No question has been raised as to the competency of the deceased at the time of the execution of the will of December 19, 1955; no question has been raised as to its due execution. The question as to the regularity of the probate is not before the court. The petitioner was present at the taking of proof on the probate, represented by an attorney who participated in the examination of the subscribing witnesses, and has had the advantage of every legal right to which a prospective contestant could have had.
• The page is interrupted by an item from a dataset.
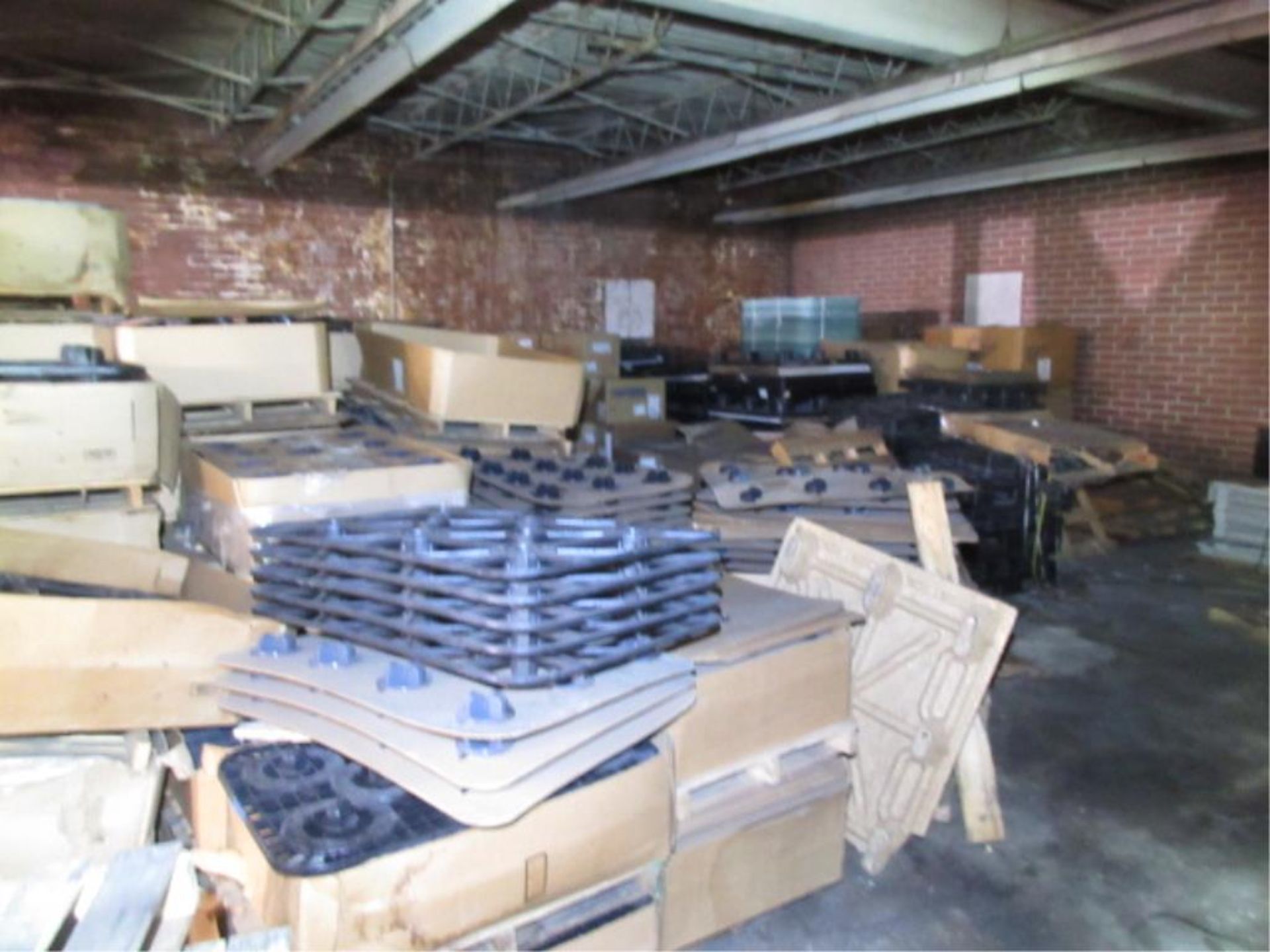 Lot Empty Wood Pallets, includes a handful of plastic units, all in upper warehouse. HIT# 2179457. - Bild 5 aus 7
He was aware of all the facts set forth in his affidavit at the time of the probate proceeding and ample opportunity has been afforded to him to establish the basis of this proceeding.

The Surrogate accordingly determines upon the merits that the petitioner has failed to establish a basis in fraud, misrepresentation, coercion, or on any other ground for setting aside the waiver of citation and consent to the probate of the will dated December 19, 1955, which waiver was duly executed by him on the 3d day of February, 1958, said will having been admitted to probate on October 24, 1958.

The application of the petitioner is accordingly denied and his petition dismissed.

The court having determined that there was no fraud perpetrated in the execution of the waiver of citation and the petition having been dismissed, it is unnecessary for the court to make a determination of the question of laches raised by the respondent on oral argument in this proceeding, nor is it necessary for the court to determine whether the petitioner has shown facts sufficient to afford a substantial basis for a contest and reasonable probability of success.

Let decree be entered accordingly, on notice, denying petitioner’s application, and dismissing the petitioner’s petition, without costs.